(Beginning of Material provided)
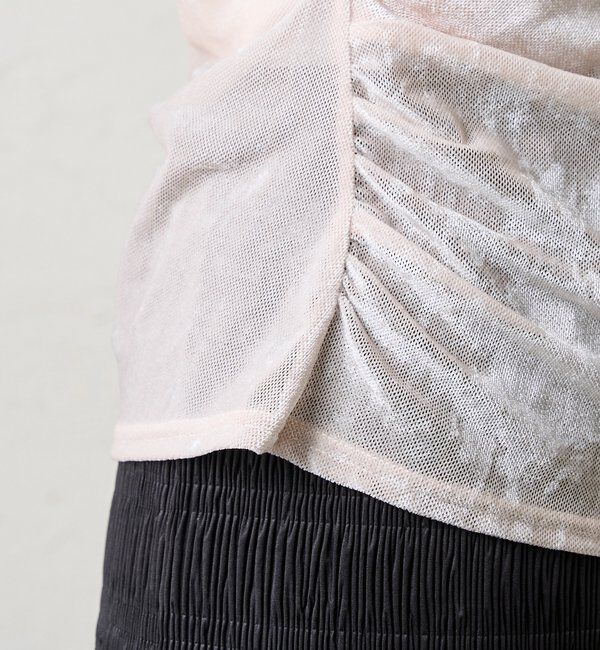  「シアーベロアトップス」|Tシャツ・カットソー|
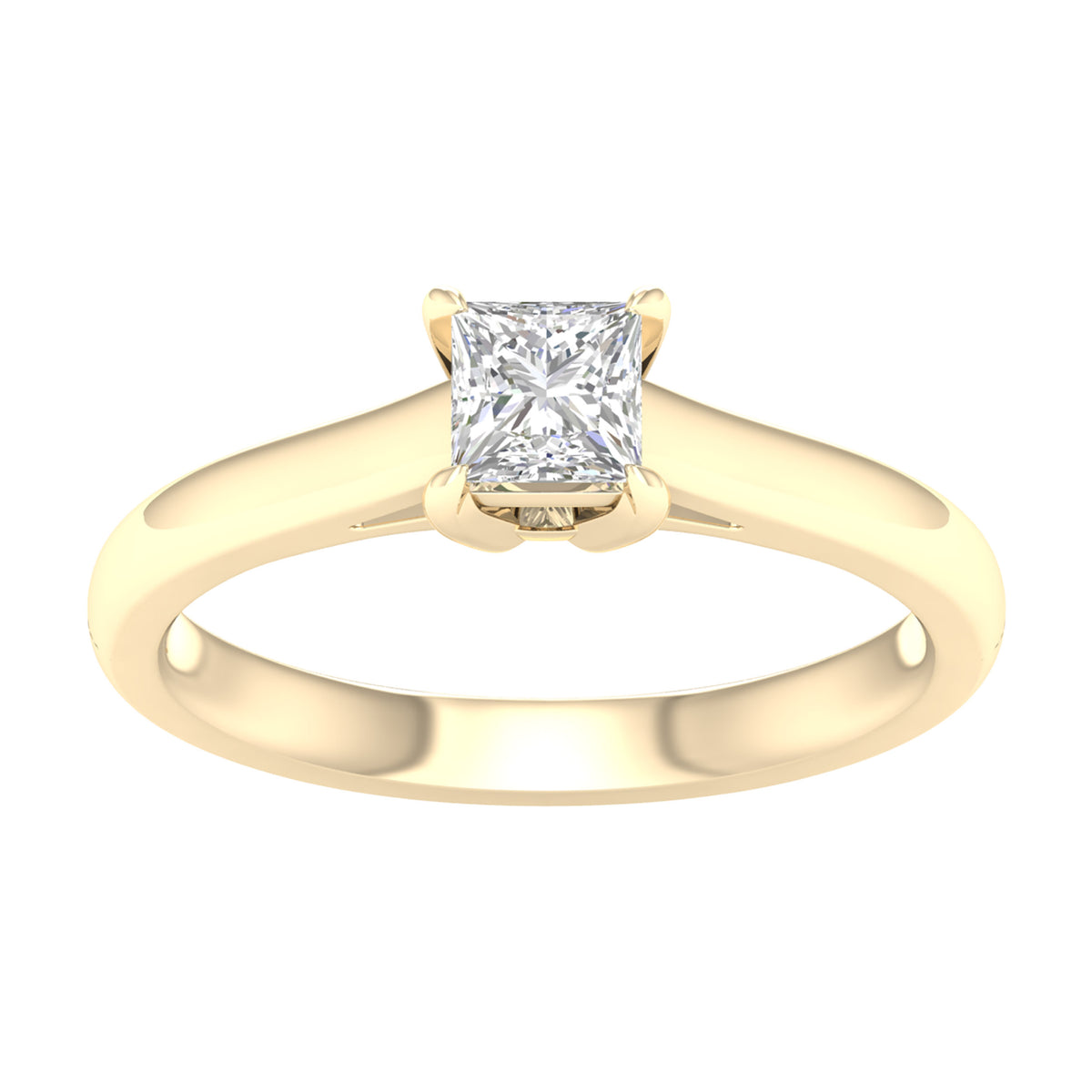 0.50 ct Lab Grown Diamond Ring in 14K Gold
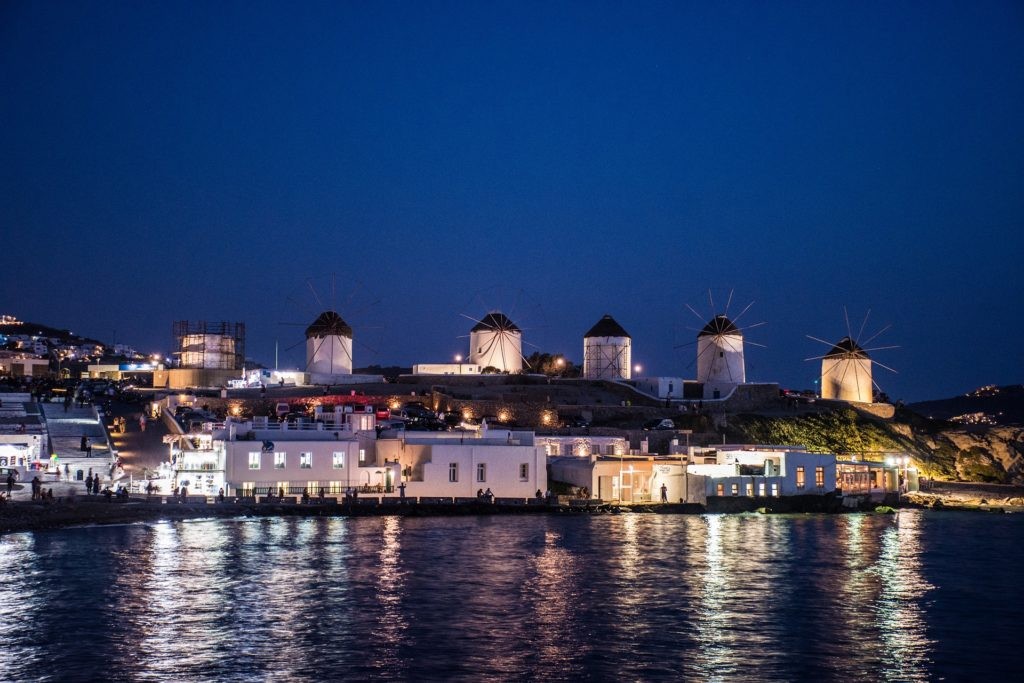 Mykonos windmills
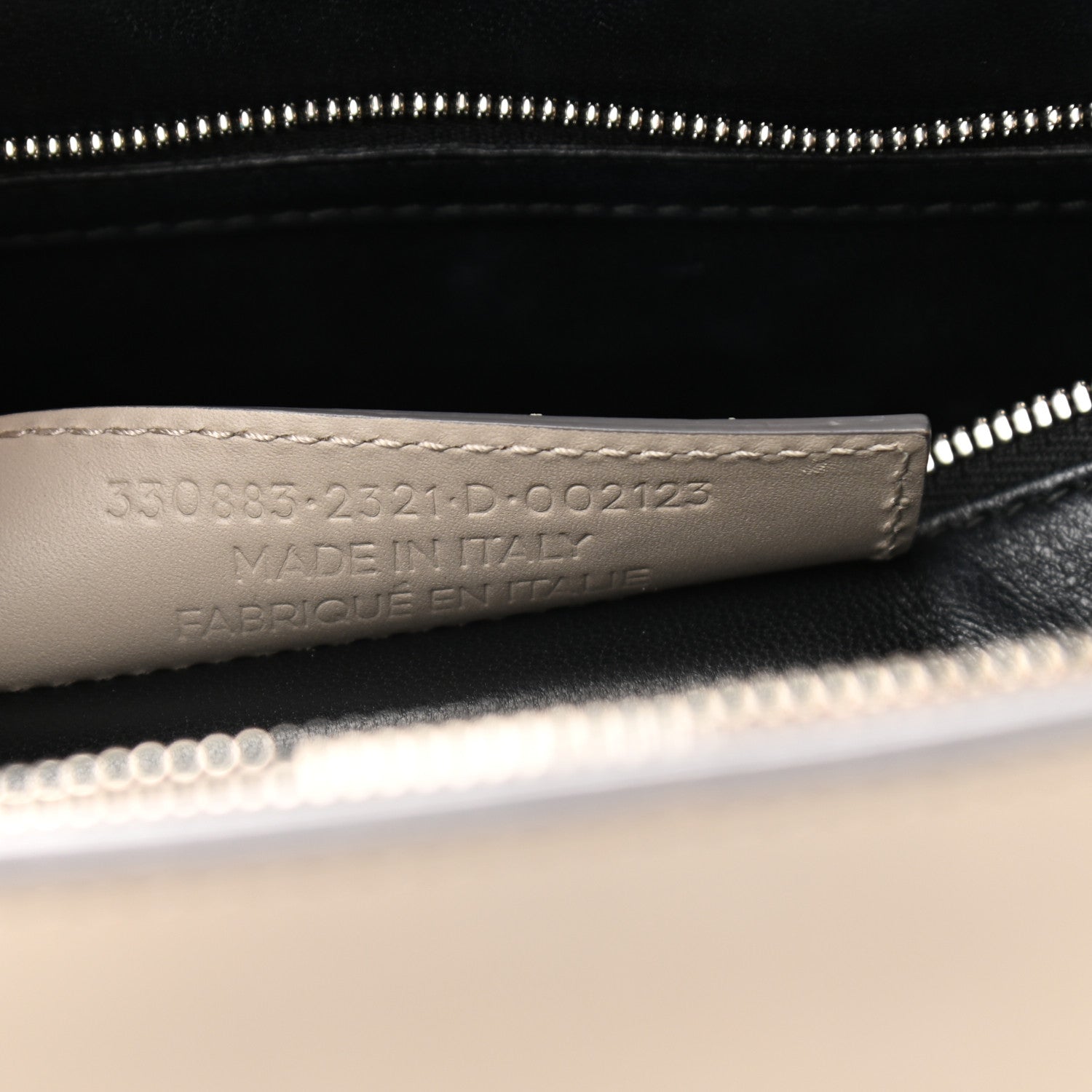 Balenciaga Calfskin Le Dix M Cartable Shoulder Bag Pearl Grey 6 of 13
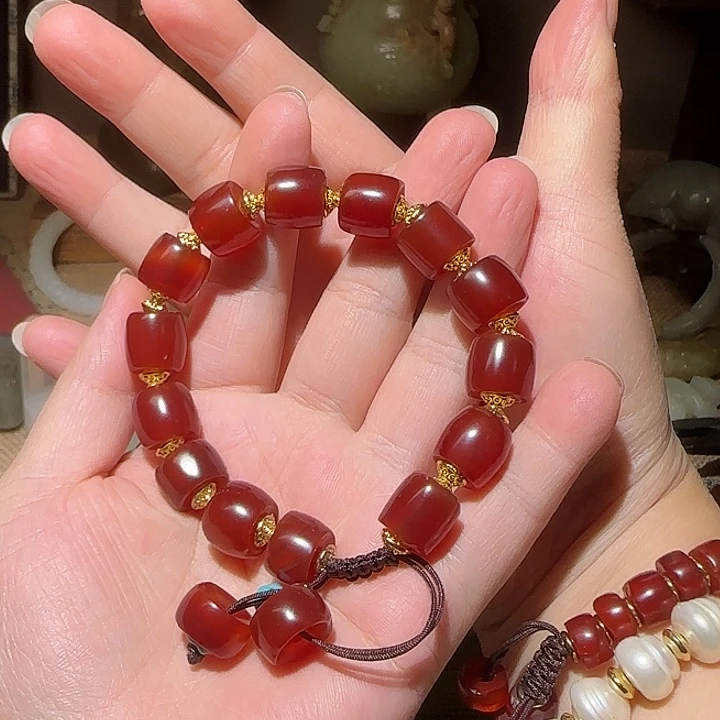 达***轩玛瑙/玉髓未镶嵌手链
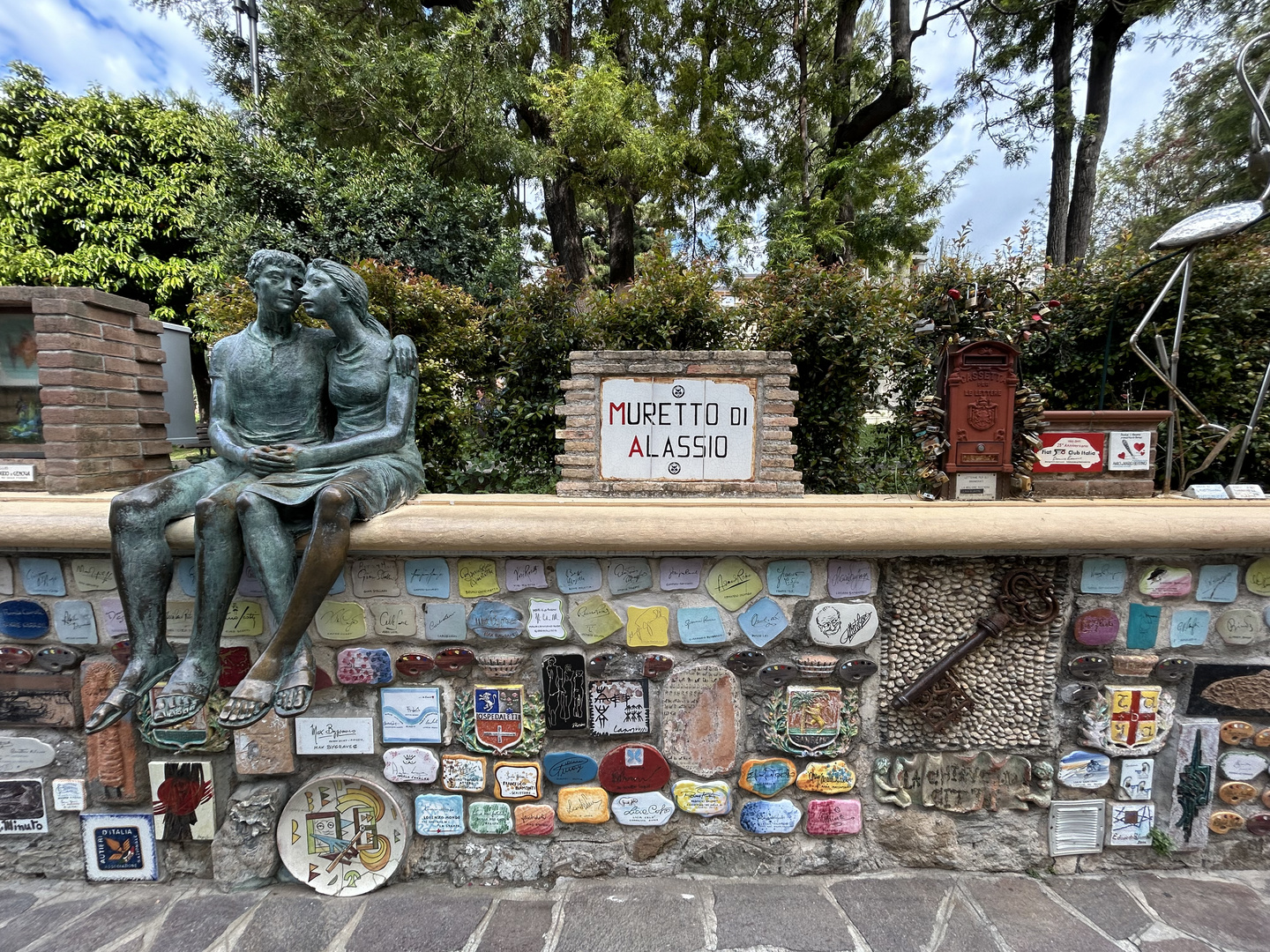 Le mur d’Alassio, province de Savone, Italie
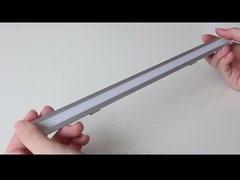 TW1506A Square Recessed LED Strip Channel , Recessed LED Extrusion For Cabinet Cupboard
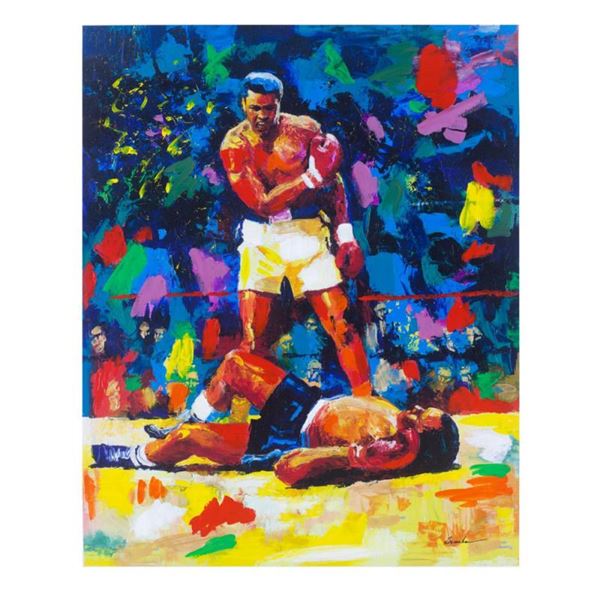 Igor Semeko "Ali Over Liston" Limited Edition Mixed Media on Canvas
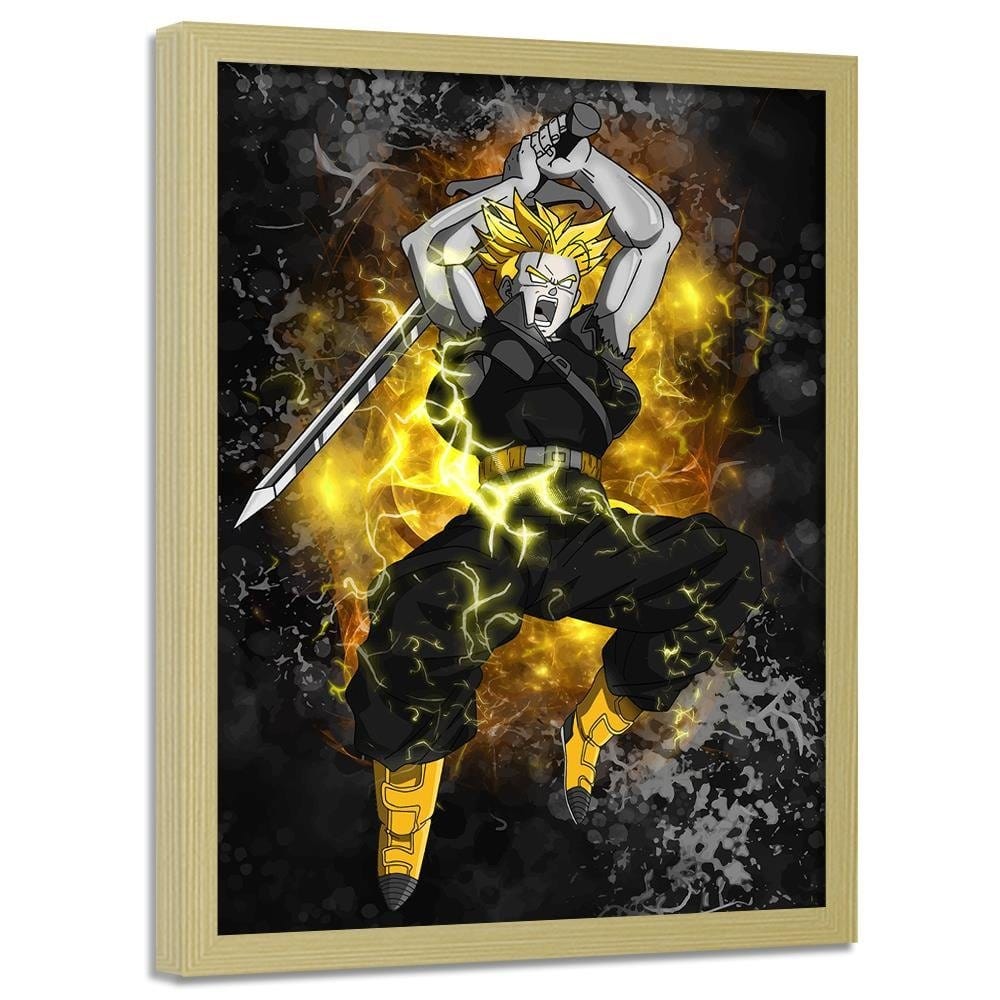 Glezna bēšā rāmī - Dragon Ball 3 Home Trends DECO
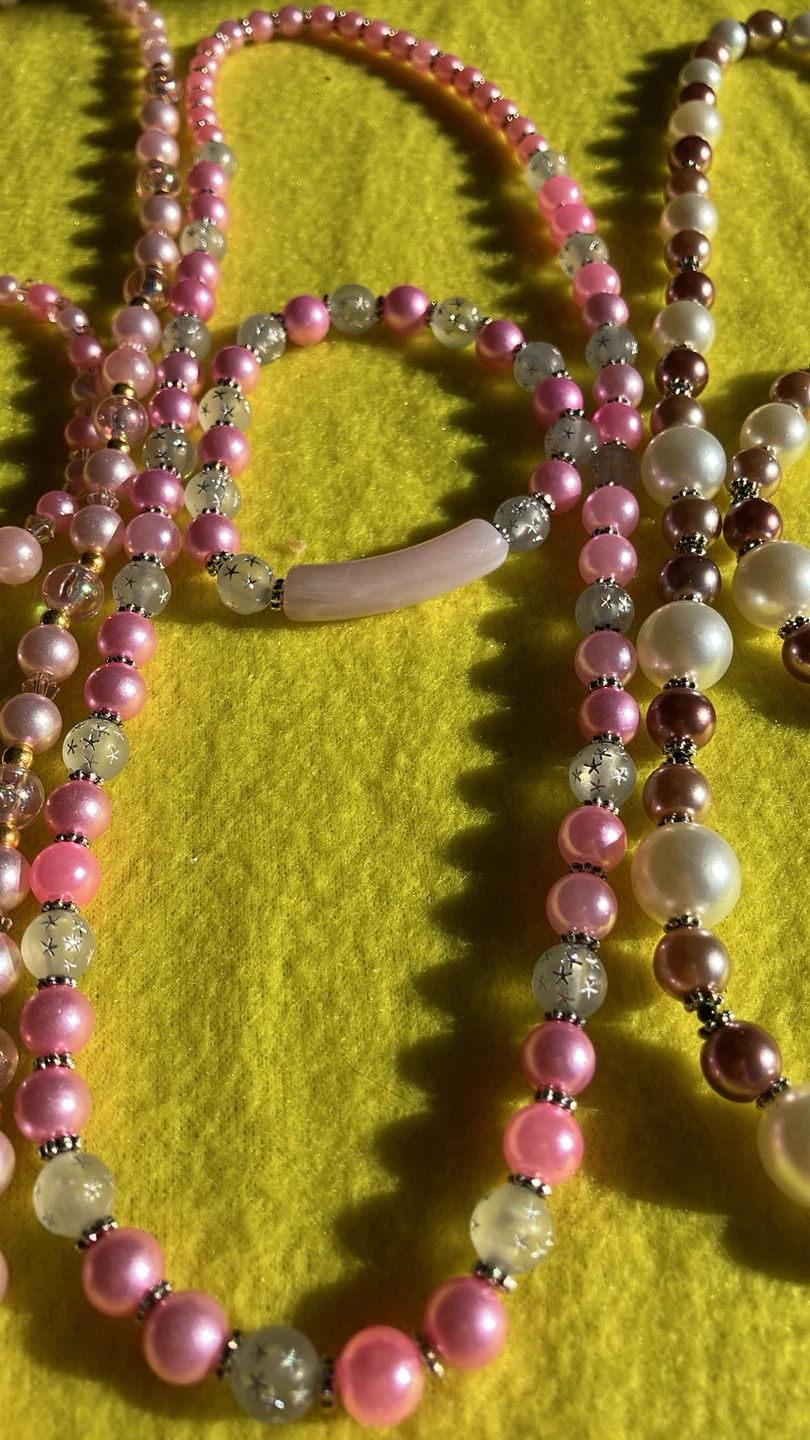 Beaded Necklace & Bracelet Set - photo 5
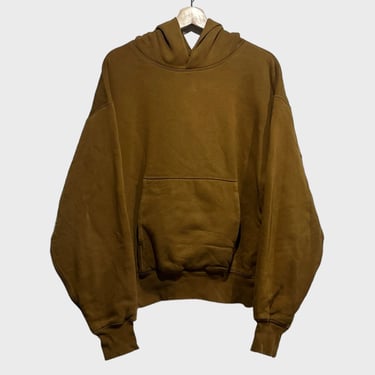 Brown Double Layer Hoodie M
(End of Material provided)
> Prompt
Without altering anything, output all the lines above but none of the images.

> Reply
  「シアーベロアトップス」|Tシャツ・カットソー|
 0.50 ct Lab Grown Diamond Ring in 14K Gold
 Mykonos windmills
 Balenciaga Calfskin Le Dix M Cartable Shoulder Bag Pearl Grey 6 of 13
 达***轩玛瑙/玉髓未镶嵌手链
 Le mur d’Alassio, province de Savone, Italie
 TW1506A Square Recessed LED Strip Channel , Recessed LED Extrusion For Cabinet Cupboard
 Igor Semeko "Ali Over Liston" Limited Edition Mixed Media on Canvas
 Glezna bēšā rāmī - Dragon Ball 3 Home Trends DECO
 Beaded Necklace & Bracelet Set - photo 5
 Brown Double Layer Hoodie M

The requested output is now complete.